Monday, October 26, 2015

...continues

Reporter: And, I suppose, in love?
Charles Windsor: Whatever “in love” means.


3: Love

Some people think there is a thing called “love” which is different from either sexual attraction or actually getting on enjoying each other's company. Two people can be in love without liking each other; you can be in love with someone you hardly know. Indeed, it is theoretically possible to fall in love with someone you have never met -- say, with the painting of the Flying Dutchman in your father's hall, or the David Cassidy centerfold in Jackie magazine. Most of us are rather bemused by the idea of “arranged marriage”: how could you possibly expect to live happily ever after with someone that your friends and family have carefully chosen because they think you might work well together? The idea of "love at first sight" -- that a quick glance at a person's is all you need to know that you are going to spend the rest of your life with them – seems much more rational. 

It works well enough fairy tales like the Princess Bride, where True Love is a rare and mystical force that occurs only once in a hundred years. I even sort of buy the idea of psychic recognition in Elfquest. But I can't swallow it in a naturalistic setting. I always want to scream at Celia Johnson “Go back to your nice husband, your lovely house and your beautiful kids; you’ve barely met the doctor-guy, you definitely haven’t gone to bed with him; are you seriously going to kill yourself over a relationship based on Disney cartoons and British rail tea, you crazy lady?”

This week, Clara tells Danny that she loves him.

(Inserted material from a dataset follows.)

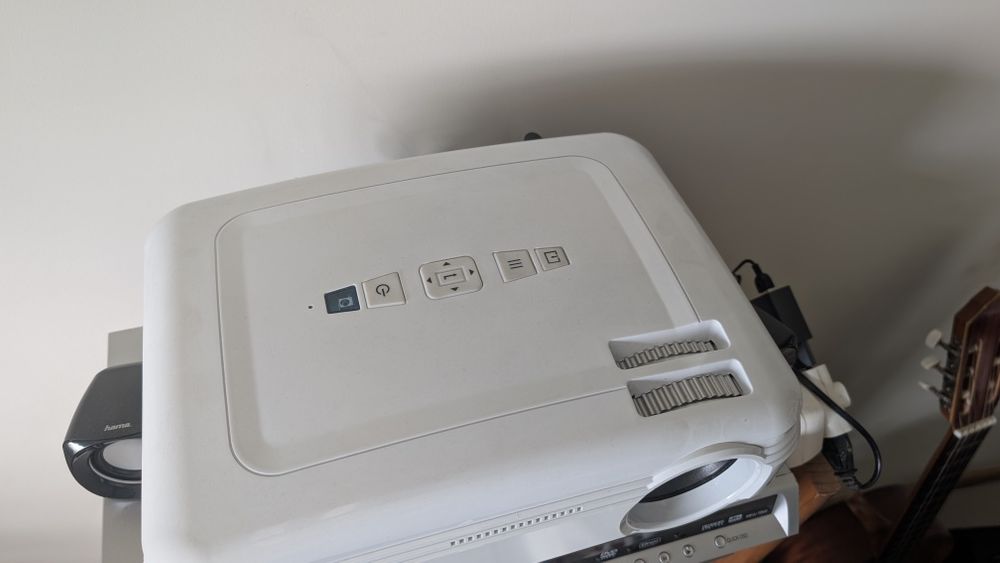 Projetor LED Alfawise X3200 (Branco) – 3200 Lumens / HD (Suporta 4K) – Excelente Conetividade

Just to summarize: in the One With the Egg, Clara decided to dump the Doctor and commit to Danny. In the One With The Train, Clara decided to stay with the Doctor after all, which involved lying to both of them. In the One in the Forest, Danny saw through this pretty transparent lie, and, being a much nicer man than she deserves, told her that she needed to make a decision, but encouraged her to take time to think about it properly. 

(Am I alone in thinking that Danny’s persona – the endlessly tolerant, permanently bemused doormat -- is rather too close to that of Mickey in the Season 1? The Doctor calls him “P.E” and called Mickey “the idiot”. He didn’t give Amy’s white boy friend any snarky nicknames.)

So, this week, Clara phones up Danny (who she sees every day at work) and announces that she loves him. It isn't clear whether this is love in the sense of "I am going to stop lying to you, stop seeing other people, commit to you and spend the rest of my life with you" or love in the sense of "I am experiencing some warm fizzy feelings towards you.

And we don't find out, because during the phone call, Danny dies. I admit I wasn’t expecting that.


4: Scenes

Conventional story telling is about discovering what a character will do. We know, in general terms, that Hamlet thinks it is his duty to avenge the death of his father. If he didn’t there wouldn’t be a play. We also know that he’s worried about the afterlife and very doubtful about the existence of ghosts. So when he finds his father's murderer alone, unarmed and undefended, its a hugely big deal -- because it means we are going to find out what he believes, how far he's prepared to go, which way he'll jump when the moment comes. (SPOILER: He cops out.)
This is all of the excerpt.